_Activity_: Exact copy without images: repeat every entry as written.
(Beginning of Supplied information)
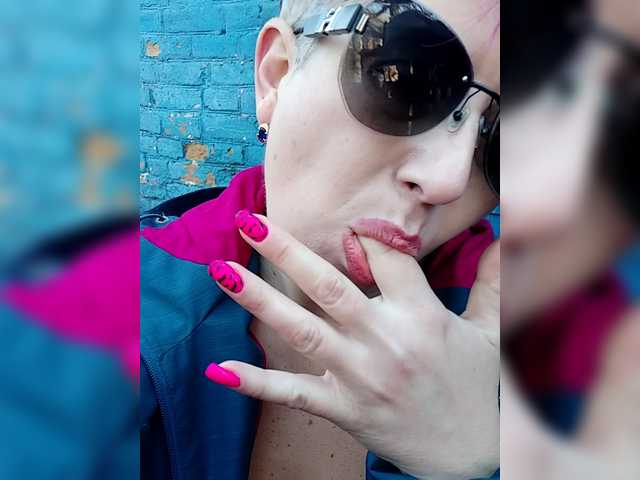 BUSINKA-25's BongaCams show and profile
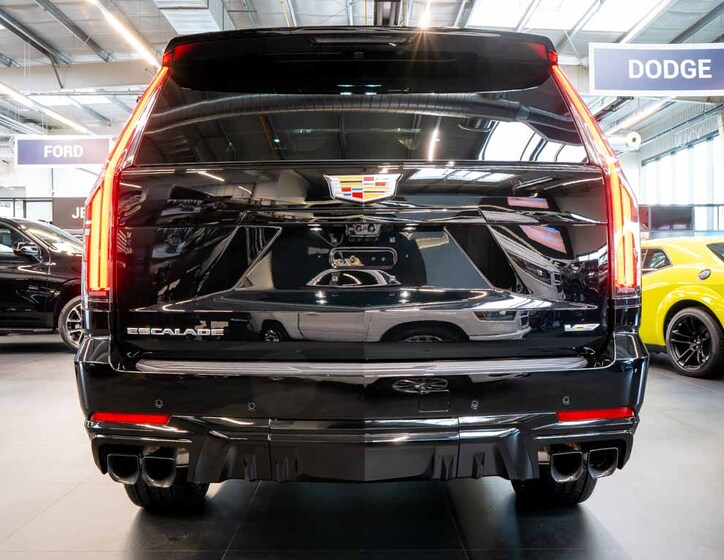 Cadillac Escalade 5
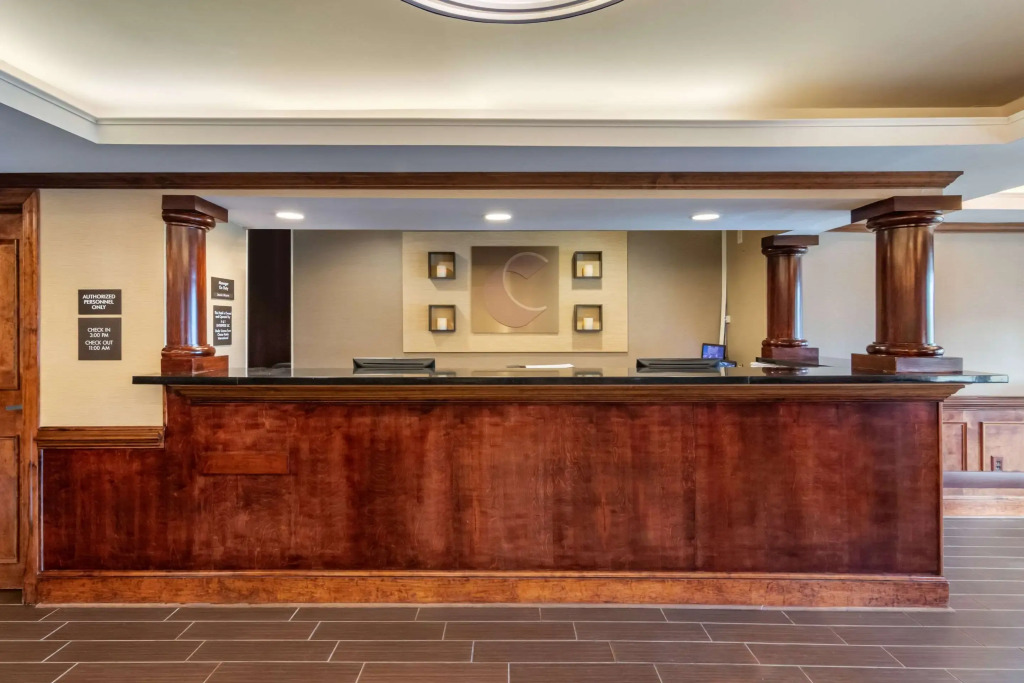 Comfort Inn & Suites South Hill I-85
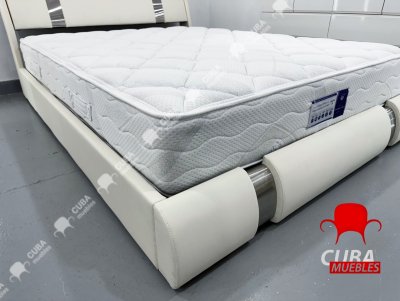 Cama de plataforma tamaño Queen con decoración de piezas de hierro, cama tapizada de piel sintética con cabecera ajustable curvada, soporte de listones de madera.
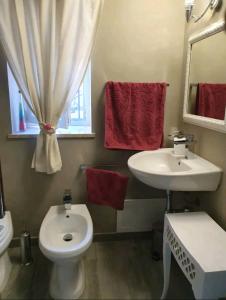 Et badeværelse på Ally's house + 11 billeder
(End of Supplied information)
_Task solution_:
 BUSINKA-25's BongaCams show and profile
 Cadillac Escalade 5
 Comfort Inn & Suites South Hill I-85
 Cama de plataforma tamaño Queen con decoración de piezas de hierro, cama tapizada de piel sintética con cabecera ajustable curvada, soporte de listones de madera.
 Et badeværelse på Ally's house + 11 billeder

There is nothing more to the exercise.